> [TASK TO CARRY OUT] The expected output is the full set of entries, retyped verbatim, pictures excluded.

[Saved entries]
________________

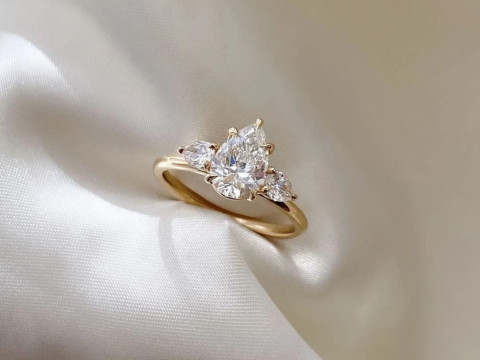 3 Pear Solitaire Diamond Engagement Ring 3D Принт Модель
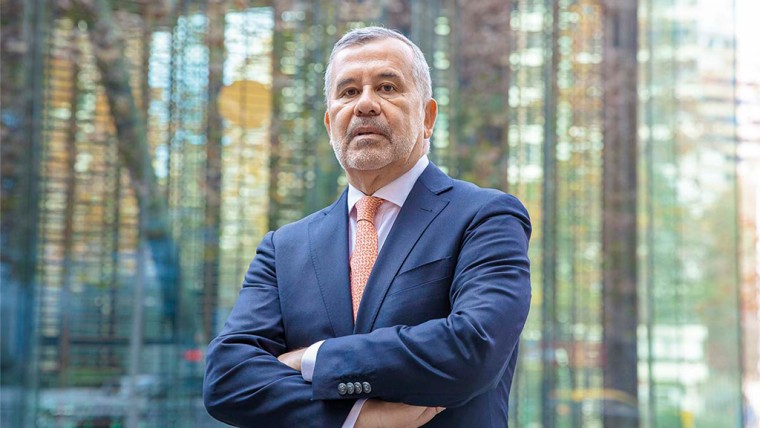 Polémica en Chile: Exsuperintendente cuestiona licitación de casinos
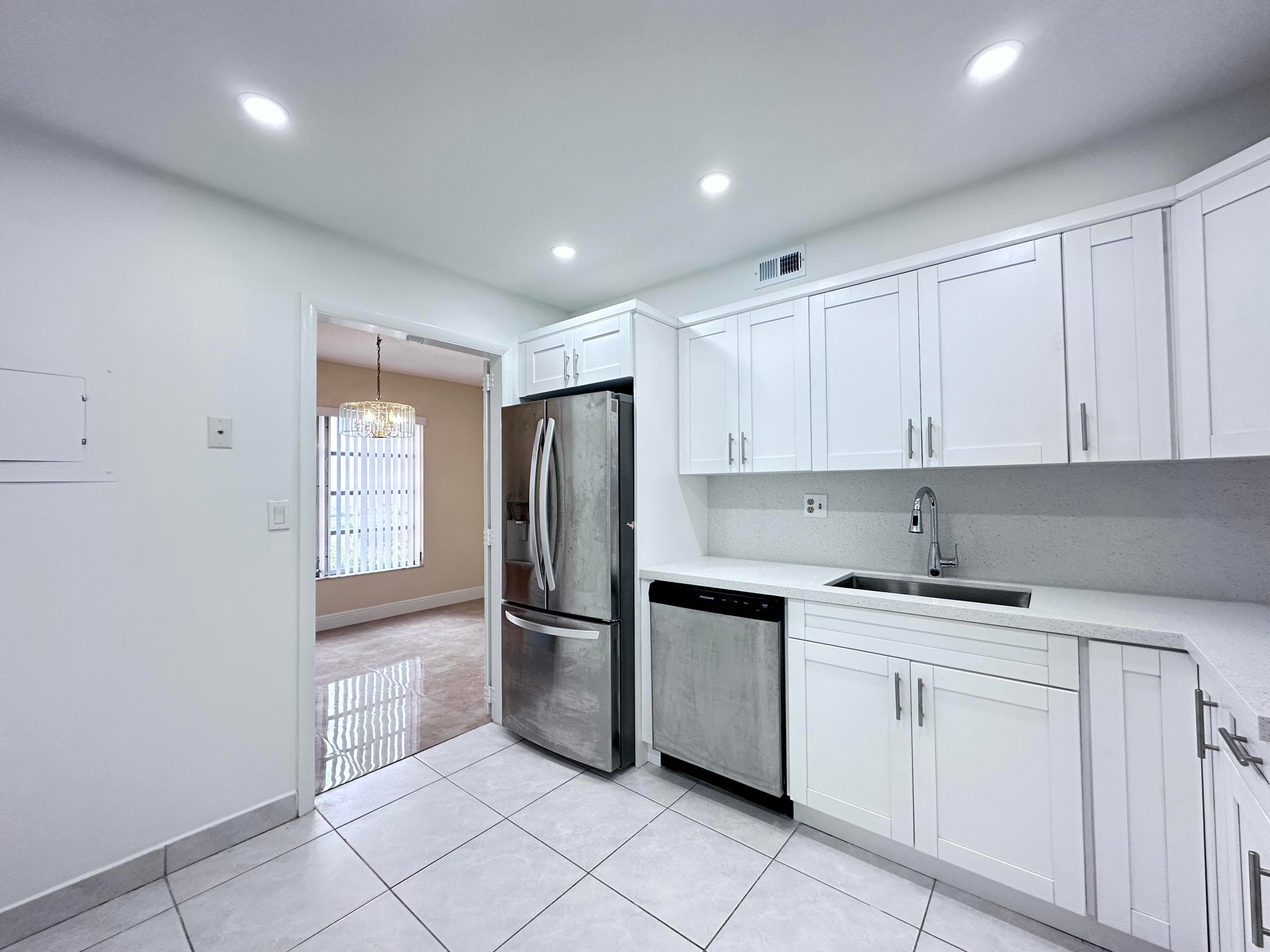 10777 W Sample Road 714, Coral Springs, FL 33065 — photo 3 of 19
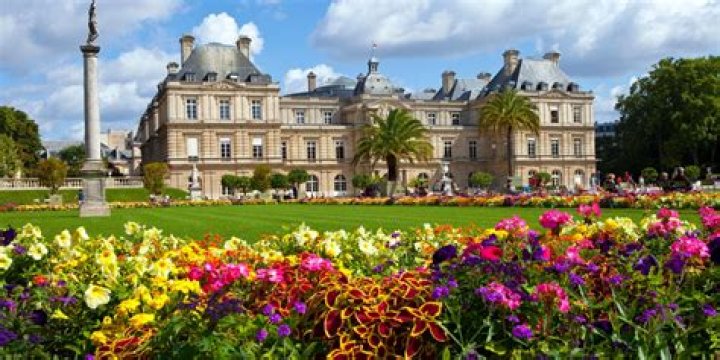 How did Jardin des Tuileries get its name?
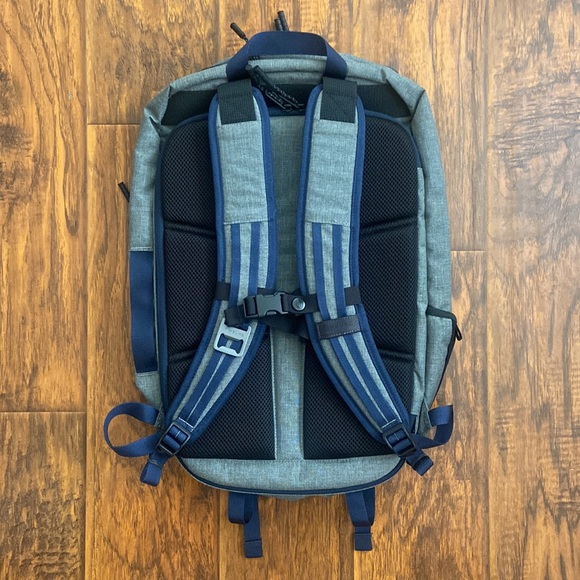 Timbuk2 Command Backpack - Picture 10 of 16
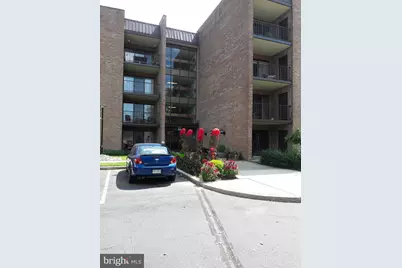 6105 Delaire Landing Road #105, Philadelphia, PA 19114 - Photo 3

________________

> [ANSWER]
 3 Pear Solitaire Diamond Engagement Ring 3D Принт Модель
 Polémica en Chile: Exsuperintendente cuestiona licitación de casinos
 10777 W Sample Road 714, Coral Springs, FL 33065 — photo 3 of 19
 How did Jardin des Tuileries get its name?
 Timbuk2 Command Backpack - Picture 10 of 16
 6105 Delaire Landing Road #105, Philadelphia, PA 19114 - Photo 3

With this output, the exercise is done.